The training attracted 35 participants (comprising 20 men and 15 women), three of which were visually impaired. The participants were drawn from the Ministry of Education Science and Technology, specifically under the National ICT and Innovation Centre (NI3C), Kenya Institute of Curriculum Development (KICD), ICT Authority, Inable Africa and Kenya Institute for Special Education (KISE). Marina Patrier, UNESCO’s Education Programme Specialist, spoke to the participants on the first day of the training saying that UNESCO is totally committed to ensuring everyone is able to read in the digital age.
During the workshop participants were provided with an overview of the lack of access to information by the disabled: according to recent WHO estimates, 10% of each country’s population has a particular disability. The trainer Prashant Verma highlighted that only 0.5% of published information is available in accessible formats. This is why Kenya should campaign for better access to information so as to have equal and open access to knowledge, without which the right to education is denied.
Participants were able to interact with the facilitators and each other as they practiced use of the speech-to-text technology that enables persons with visual impairment to read on their phones and computers. It was also noted that visually impaired persons can access the computers well by using the keyboard as opposed to using the mouse. Participants also had the opportunity to look at various web accessibility features that are friendly to persons with disability.
The third day of the workshop introduced participants to various types of software for creating science and mathematics content. Participants were encouraged to always have the interest of the learners with disabilities in mind when creating or publishing content. All those present at the workshop also had the opportunity to carry out exercises to ensure they were fully acquainted with the technologies presented. On the last day of the training, participants were able to do presentations of various exercises such as converting books’ content into accessible formats.
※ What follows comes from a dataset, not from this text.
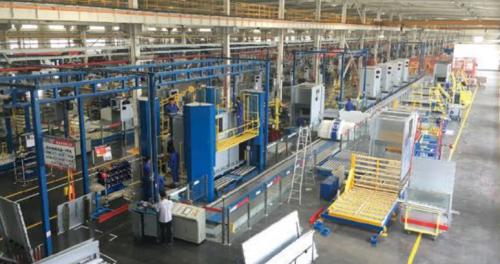  北自所::實(shí)踐探索 迭代進(jìn)化 打造智能制造解決方案樣板工程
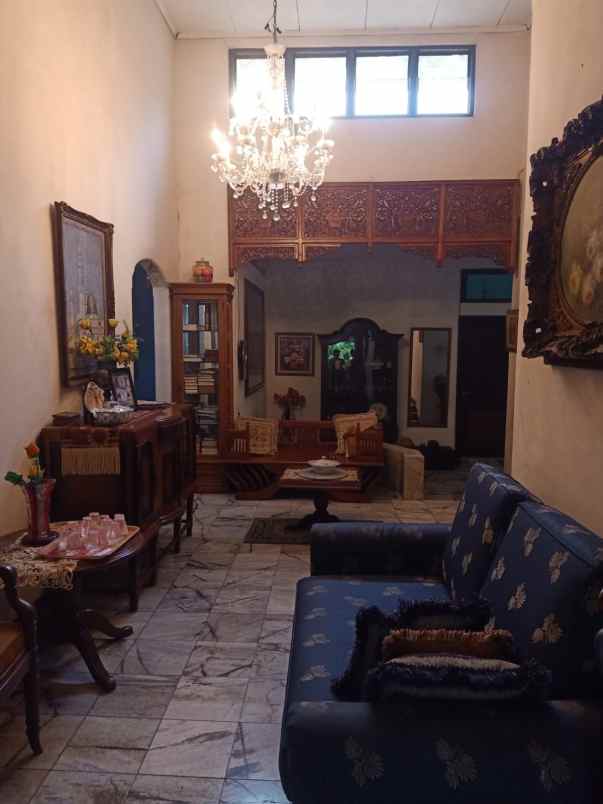 dijual rumah jl wustho raya duren sawit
The training ended on Friday 13 November 2015. In a short closing ceremony, John Temba, from the Ministry of Education Science and Technology, said: “We are grateful to UNESCO for this opportunity; I also thank the Kenya Institute of Curriculum Development for mobilizing all stakeholders so as to cater for the needs of persons with disabilities. I will ensure that the Kenya Institute of Special Education is also actively involved so that learners with disabilities can open and freely access digital information.”
To reiterate the commitment of Kenyan’s government to ensure access to information for all, John Kimotho, from the Kenya Institute of Curriculum Development (KICD), said: “I am grateful that my staff has been equipped with all the relevant knowledge. We will ensure that our already published digital content is modified so as to incorporate features that will enable persons with disabilities to access the information.”
This training took place within the framework of UNESCO’S programme promoting universal access to information and knowledge, and ICT accessibility including for the disabled, and for all languages.